Percentages of trisomy-18 cells in 10 placental biopsies

Biopsy	Cytotrophoblast		Mesenchyme
	%	n	%	n
1	0	23	59	100
2	1	100	75	100
3	2	52	88	100
4	80	60	88	100
5	44	150	86	100
6	40	154	90	90
7	13	100	69	120
8	0	100	59	100
9	1	101	65	100
10	6	52	64	100

n, number of cells investigated.

Figure 1

Formalin-fixed, paraffin-embedded tissue section of the placenta after fluorescence in situ hybridization with DNA-probes (Cytocell) specific for chromosome 21 (covering DYRK1A, KCNJ6, DSCR4, DSCR8 genes, in red) and 18 (locus D18Z1, in blue) with DAPI as counterstain for DNA. Cytotrophoblastic cells (t) show two signals for chromosome 18 per nucleus, while mesenchymal cells (m) show three signals.

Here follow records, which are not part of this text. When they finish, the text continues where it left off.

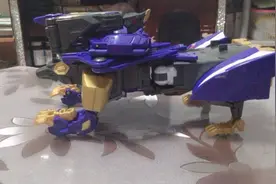 迷你特工队第一季，雷特工变形机甲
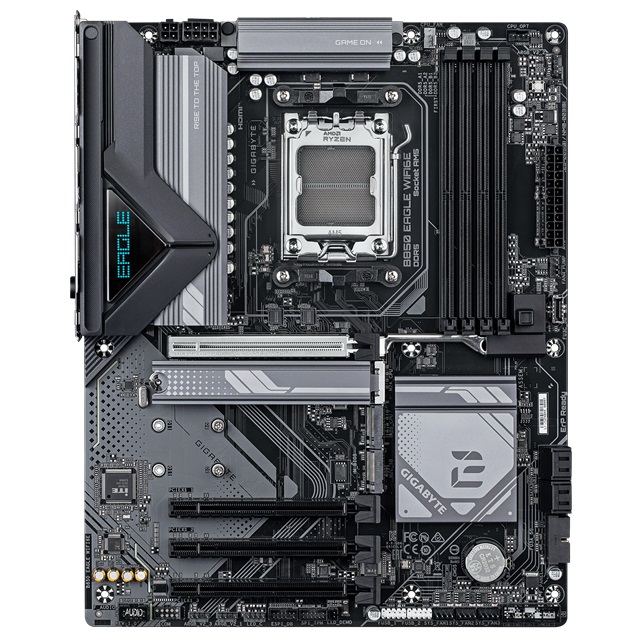 GIGABYTE B850M EAGLE WF6E MOTHERBOARD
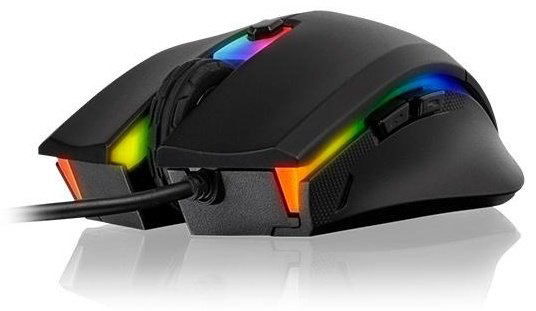Мышь Tt eSPORTS by Thermaltake Talon Elite RGB Gaming Gear Combo черный купить,NaN
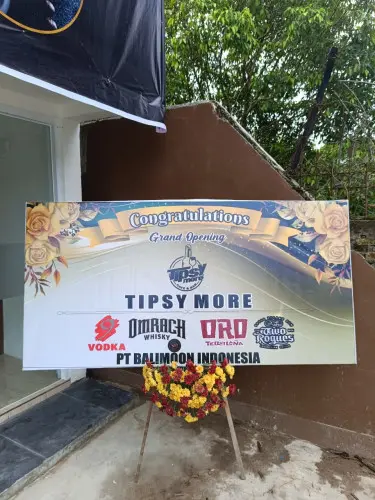 Karangan Bunga Ucapan Grand Opening kantorwalikotapalangkaraya | King Florist di Kantor Wali Kota Palangkaraya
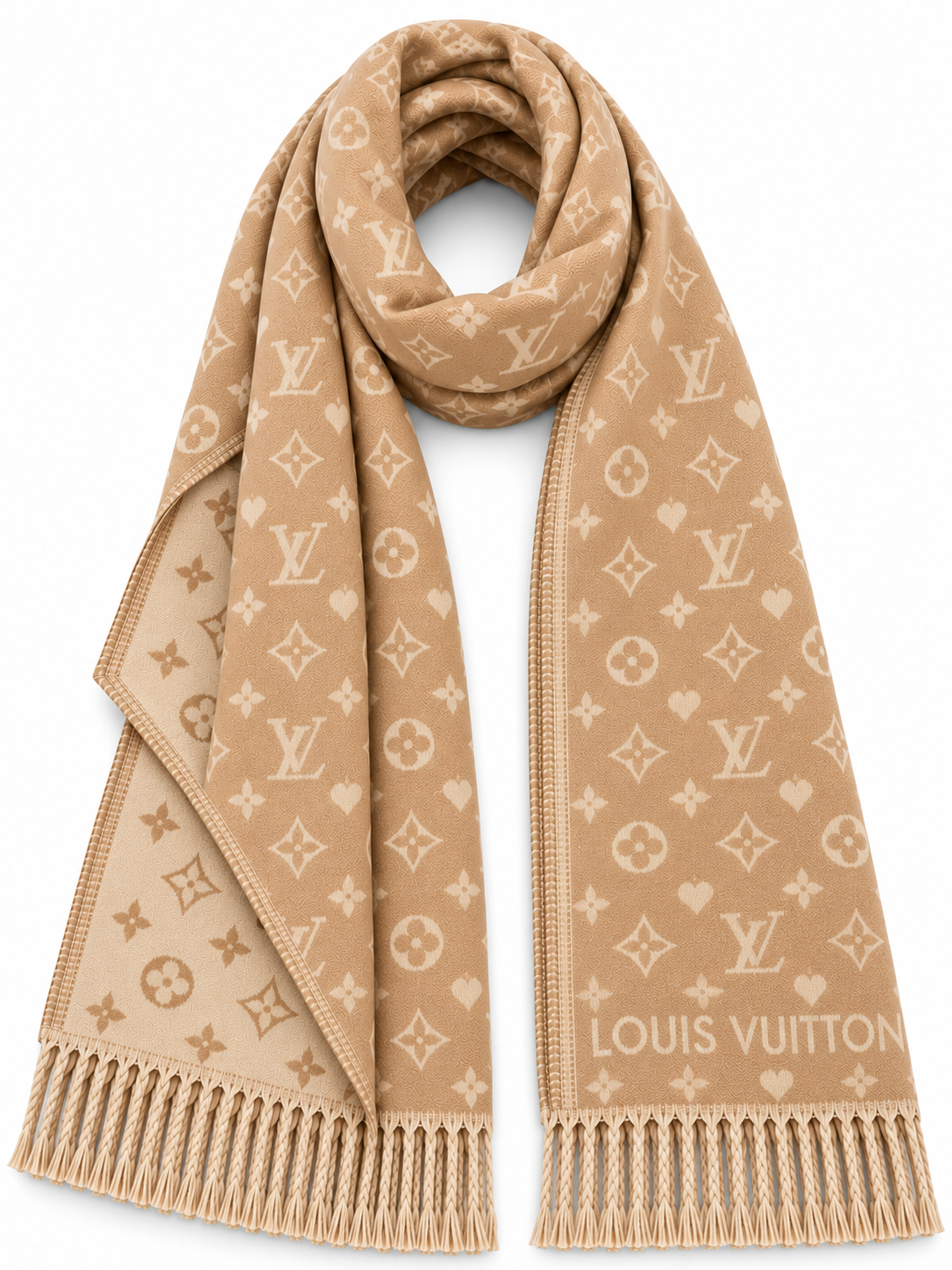 Louis Vuitton Scarf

It is generally assumed that apoptosis of villous cytotrophoblast cells, a process occurring in all pregnant women, leads to the release of cfDNA into the circulation 5. The concordance between NIPT and cytogenetic investigation of cytotrophoblast cells in our case directly demonstrates that the cfDNA in the maternal circulation is mainly, or perhaps exclusively, derived from the cytotrophoblast, in line with earlier case reports 6–8. Similar cases of a false-negative NIPT result for trisomy 18 due to placental mosaicism were reported recently by others 9,10. Karyotyping of STC and LTC has enabled the accumulation of a huge body of cytogenetic knowledge on the biology of placental mosaicism 11, which will be extremely useful in the era of NIPT. It has been calculated from large series of consecutive patients undergoing CVS that false negative NIPT results involving trisomy 13, 18, or 21 are to be expected in 1/107 cases 4.

For clinical practice, our case implies that when NIPT results are normal but an ultrasonographic anomaly scan is not, karyotyping or array-based aneuploidy detection should always be offered. Vice versa, in the absence of ultrasonographic anomalies an abnormal NIPT result should always be confirmed before concluding that the fetus has an abnormal karyotype. Our case implies that NIPT using cfDNA has the same biological limitations as direct analysis of chorionic villi. Patients opting for NIPT should be made aware of this during pretest counseling. Delivering NIPT in clinical practice can benefit to a great extent from the existing knowledge on cell-line-specific mosaicism that sets limits to diagnostic accuracy.